(Records provided begins)

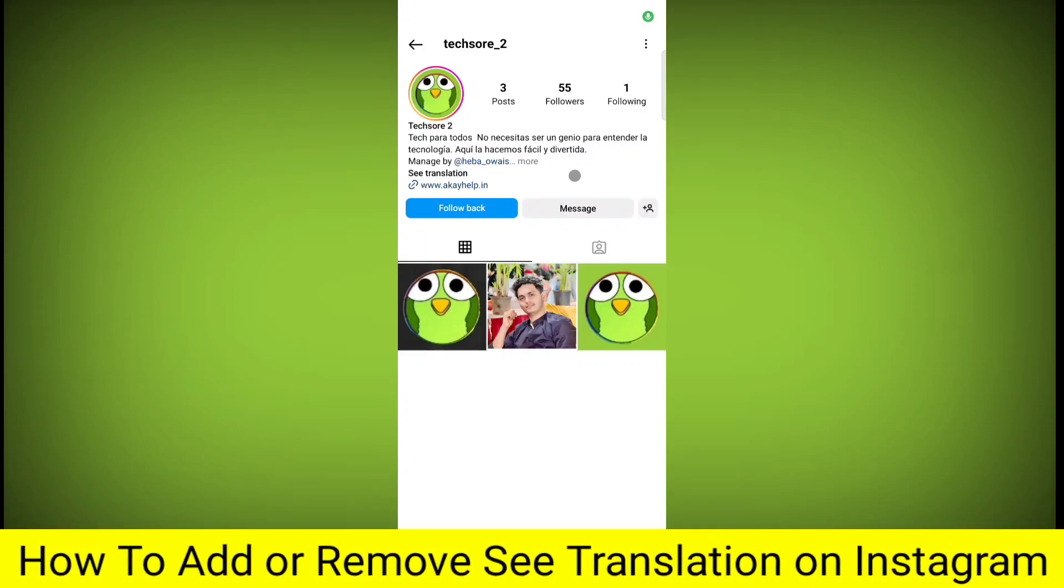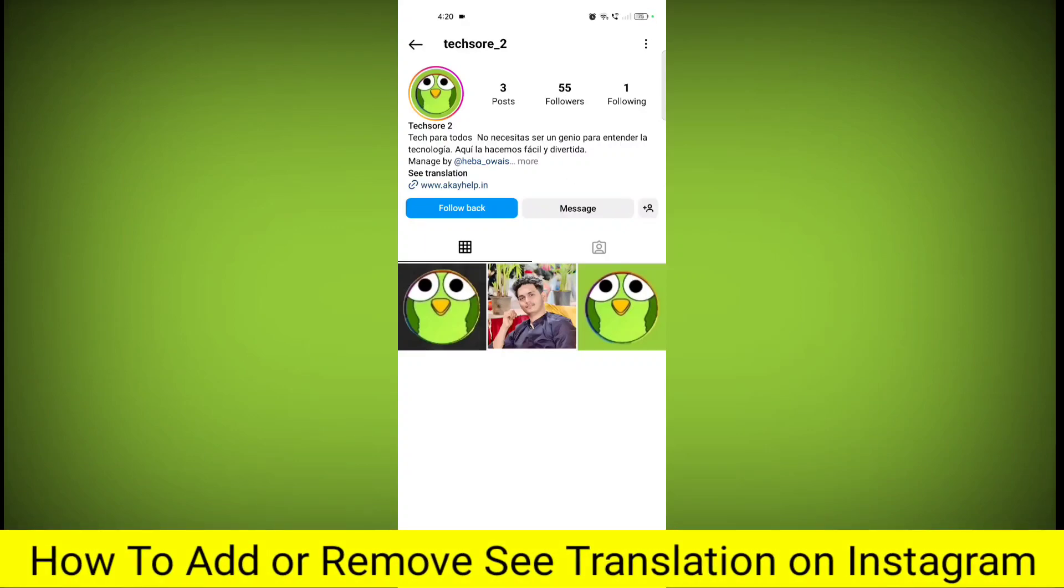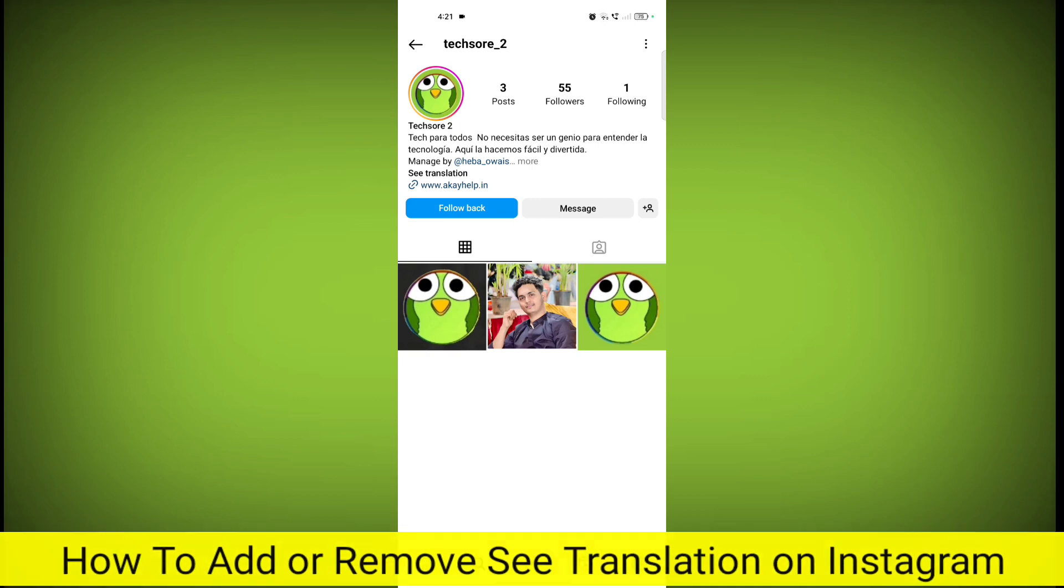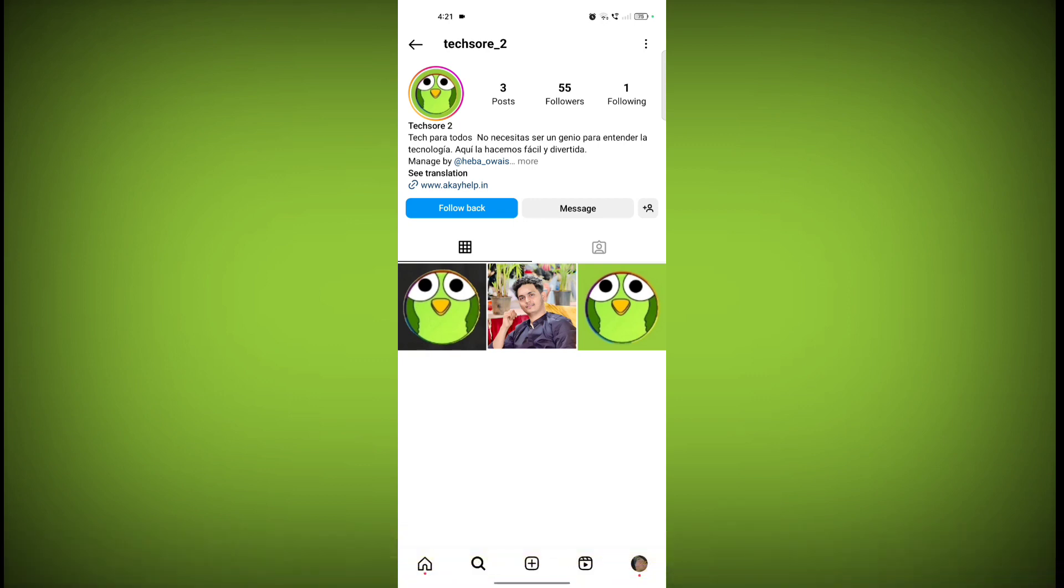So in this video, I'm going to tell you how to add or remove 'See Translation' on Instagram bio. Welcome to another video of Techsor.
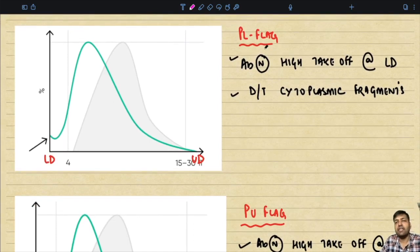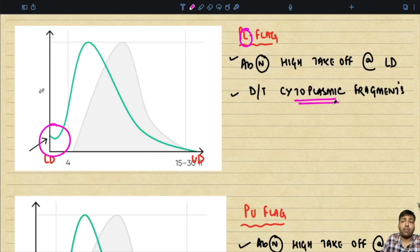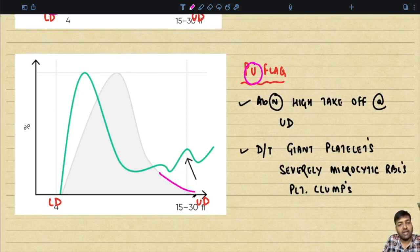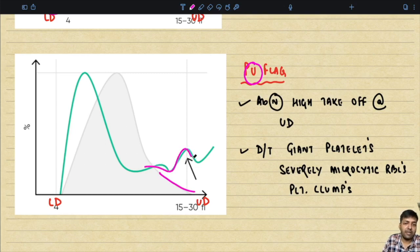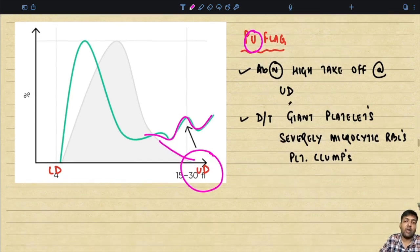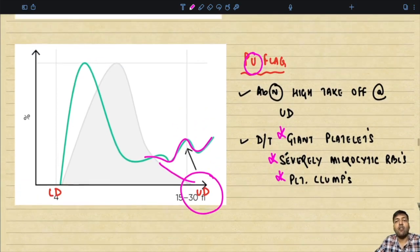Platelet flags include the PL flag, where at the lower discriminator there is an abnormally high takeoff, occurring because of cytoplasmic fragments. There is also the PU flag, where the histogram is not touching the baseline at the upper discriminator. This mainly occurs because of the presence of giant platelets, severely microcytic RBCs, or platelet clumps. With this, we have completed all the different kinds of flags.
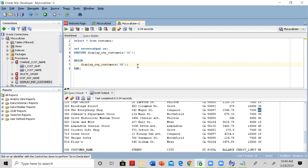This is how you would execute the stored procedure. Thank you very much for watching this video. I'll end my video here. Thank you very much.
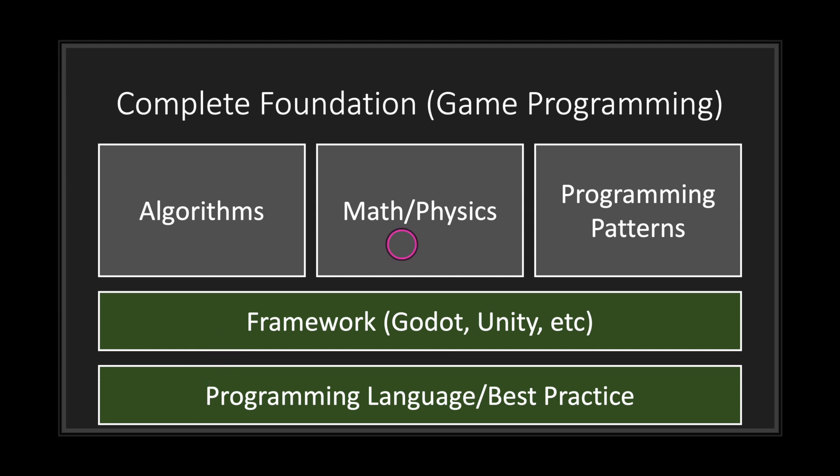Once you've brushed up on your math skills, I recommend the next thing is algorithms. Normally, when you're doing programming in other areas, such as web development, algorithms are not that important. However, you've chosen game programming, and game programming is math-heavy. So trust me when I say this: you will benefit a lot when it comes to algorithms.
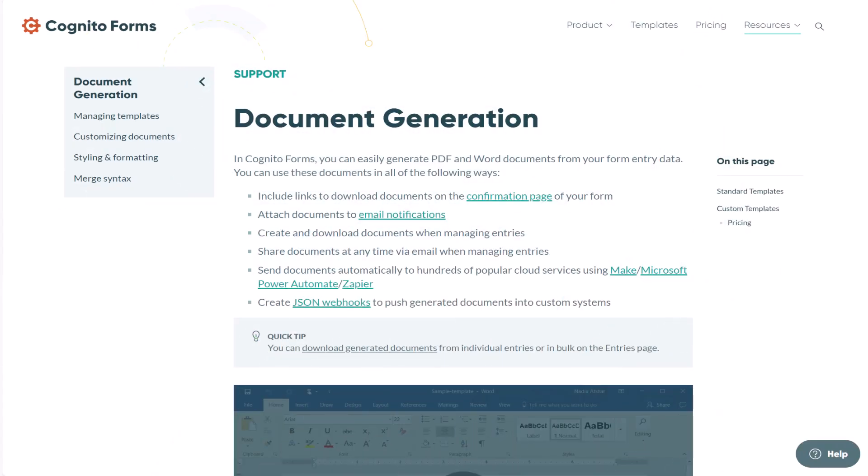Hey guys, it's Isabel from Cognito Forms, and I'm here to give you a detailed overview of our document generation feature.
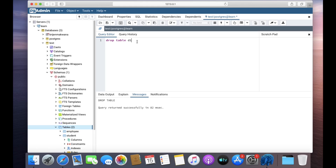Be careful while using this query, because once you delete a table you cannot restore the data that was present in it. So be careful while performing this type of query. Thanks for watching.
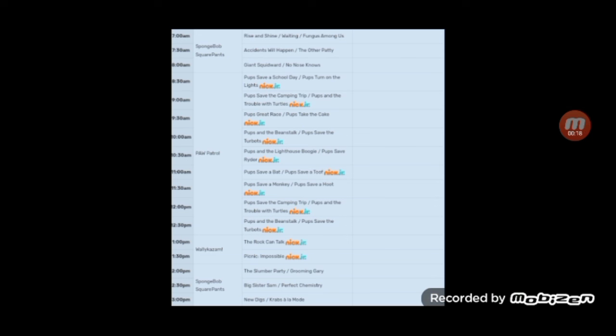As you can see, this is a lineup from May 23rd, 2014, back then on Nickelodeon.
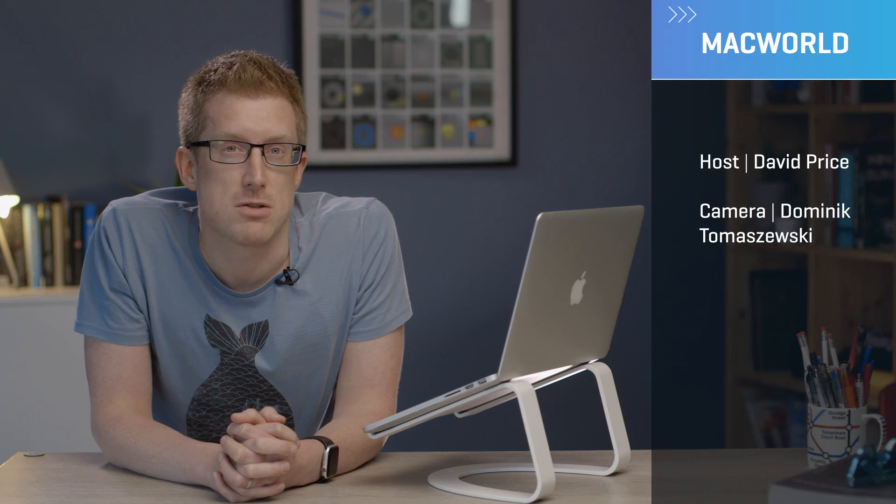Hopefully this has proved helpful and your Mac is now performing at optimal speed. Don't forget to like and subscribe and come to Macworld for more advice on how to get the most out of your Mac.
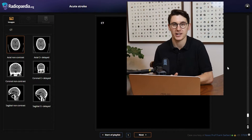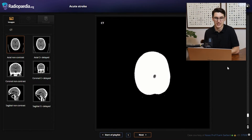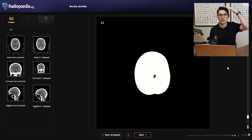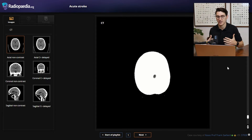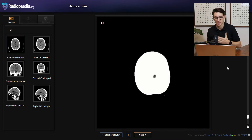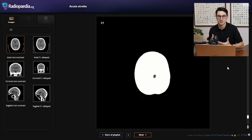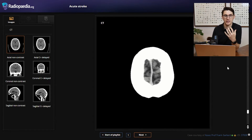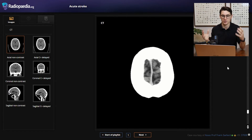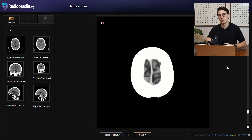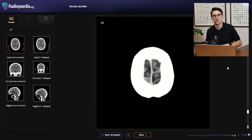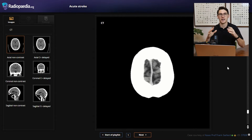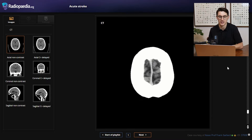Let's start by looking at a normal CT scan — an uncontrasted CT brain. I like to start at the vertex and scroll my way down; some people start at the bottom and scroll up. Find a system that's most comfortable for you. What we want to do is scroll down slowly and look for any gross abnormalities: look for midline shift, look for a large bleed, look for a mass. Once we've scrolled through, we can scroll back up and start looking for specific signs.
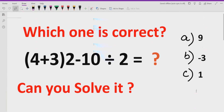Hello friends, welcome to my channel. Today we will learn about another quiz and we will solve an expression — how we can find out the correct answer. The expression is (4 plus 3) multiplied by 2, minus 10 divided by 2. We have to find out which answer is correct by solving this expression.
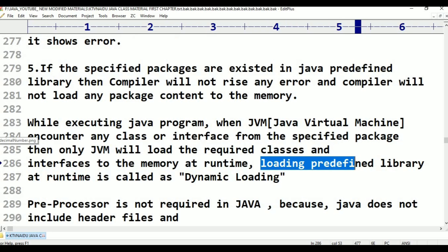While executing a Java program, when the JVM encounters any class or interface from the specified package, then only the JVM will load the required classes and interfaces to the memory at runtime. Loading predefined library at runtime is called dynamic loading. In the case of Java, loading is done at runtime, not at compilation time. In the case of C and C++, loading is done at compilation time, but in Java it is done at runtime.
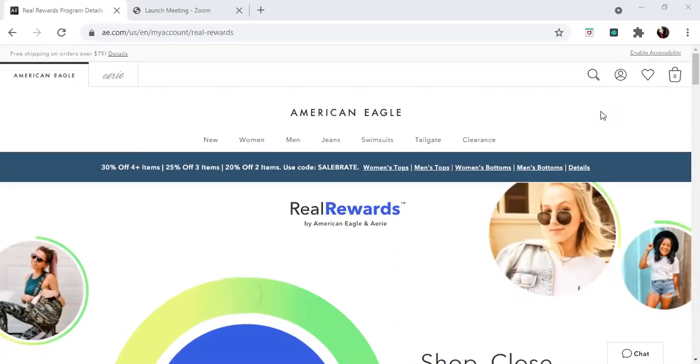Hello everyone, I hope you guys are doing well. I wanted to bring you some information on how you can get this American Eagle Visa credit card. It's also a Visa credit card but a rewards card.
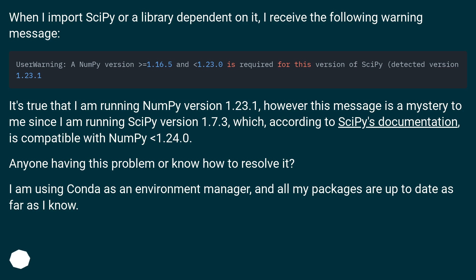It's true that I am running NumPy version 1.23.1, however this message is a mystery to me since I am running SciPy version 1.7.3, which, according to SciPy's documentation, is compatible with NumPy 1.24.0. Anyone having this problem or know how to resolve it? I am using Conda as an environment manager and all my packages are up to date as far as I know.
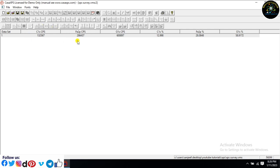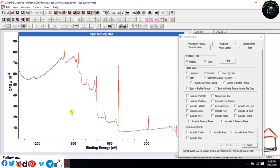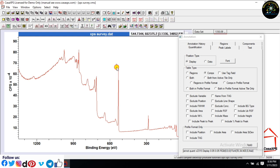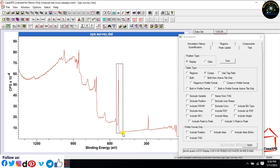Look at the atomic percentage of individual peaks. Again, I have applied the same process to estimate the atomic percentage of individual peaks.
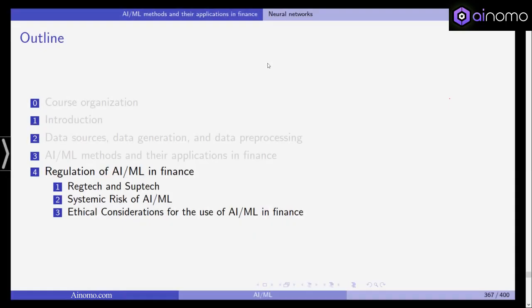Hello everyone and welcome back to our class in Artificial Intelligence and Machine Learning in Finance. In this last section of the lecture we want to look at some non-mathematical topics related to the usage of machine learning and artificial intelligence in financial applications, and we'll start in this video with RegTech and SupTech.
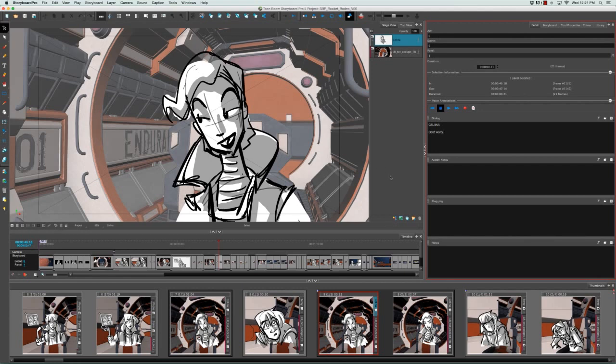But you can imagine that this might be quite time-consuming if you need to do this for all the caption fields, for all the panels in your storyboard.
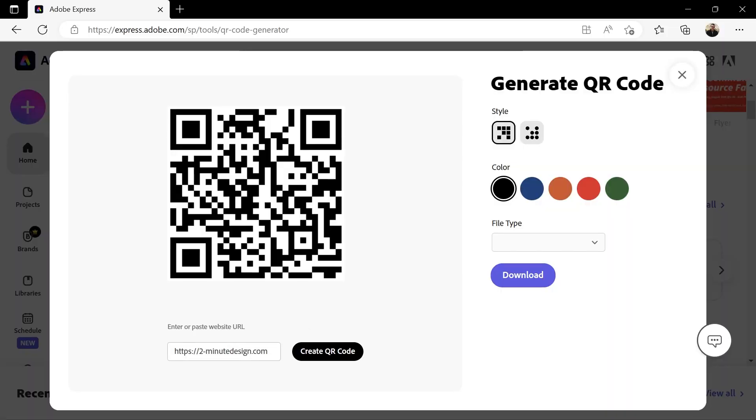So when someone scans the QR code, this page will open in their browser. Look here. This page here.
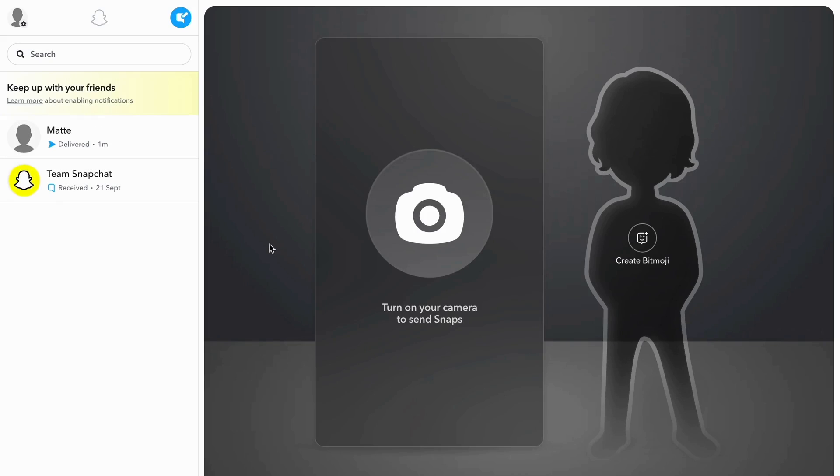And by the way, when you are choosing this one and you are not logged into your account, then they will ask you to log into your Snapchat account. So when you have entered all of your details, then you should also go into your mobile app, so go into your mobile Snapchat app.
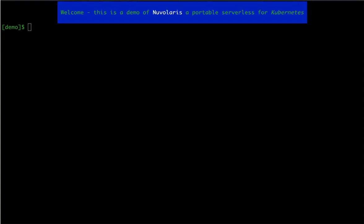Hi and welcome to this demo of how Nuvolaris can be used as a portable serverless engine for Kubernetes. In this demo we will be showcasing how easy it is to install and use Nuvolaris on three different Kubernetes clusters.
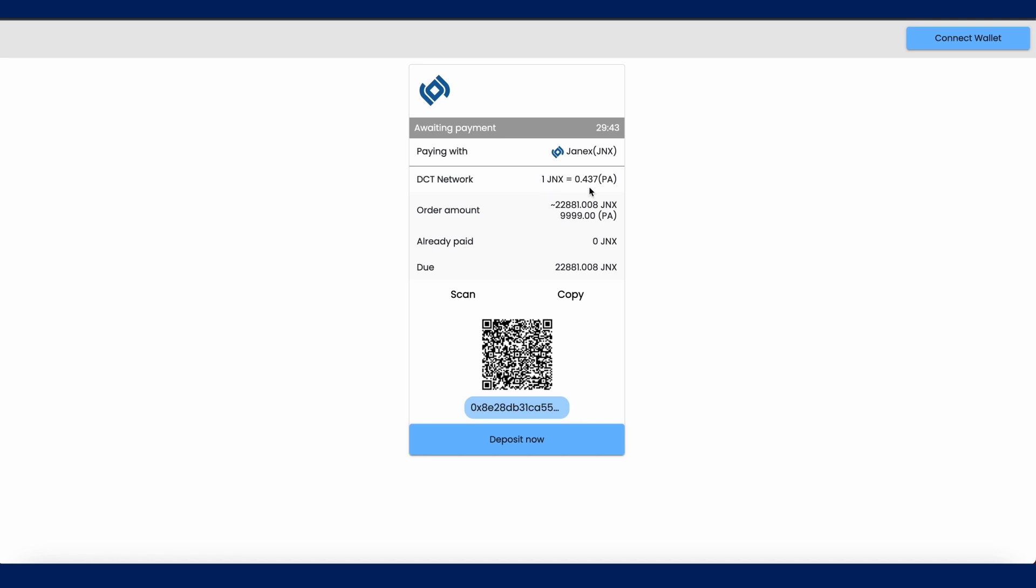In this tutorial, I'll be using a connected crypto wallet. To do that, click on the connect wallet button at the top right corner of your screen. Once connected, click on the deposit now button.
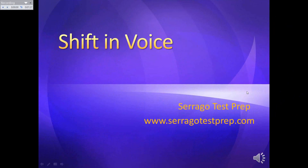If you have a question you need to ask me quickly, go ahead and email me. My address is sharon@seragotestprep.com. If you know people who might be interested in my program, I have some others starting up in a few weeks — you might direct them to my website. I'll be sending you more stuff real soon. Let me know if you have trouble. We'll be talking to you later.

(Records provided ends)

Task requirements:
Drop the pictures, then transcribe the lines from the one containing "And by the way, when" to the end of the data above, exactly and nothing more.

Result below:
And by the way, when you are choosing this one and you are not logged into your account, then they will ask you to log into your Snapchat account. So when you have entered all of your details, then you should also go into your mobile app, so go into your mobile Snapchat app.
Hi and welcome to this demo of how Nuvolaris can be used as a portable serverless engine for Kubernetes. In this demo we will be showcasing how easy it is to install and use Nuvolaris on three different Kubernetes clusters.
In this tutorial, I'll be using a connected crypto wallet. To do that, click on the connect wallet button at the top right corner of your screen. Once connected, click on the deposit now button.
If you have a question you need to ask me quickly, go ahead and email me. My address is sharon@seragotestprep.com. If you know people who might be interested in my program, I have some others starting up in a few weeks — you might direct them to my website. I'll be sending you more stuff real soon. Let me know if you have trouble. We'll be talking to you later.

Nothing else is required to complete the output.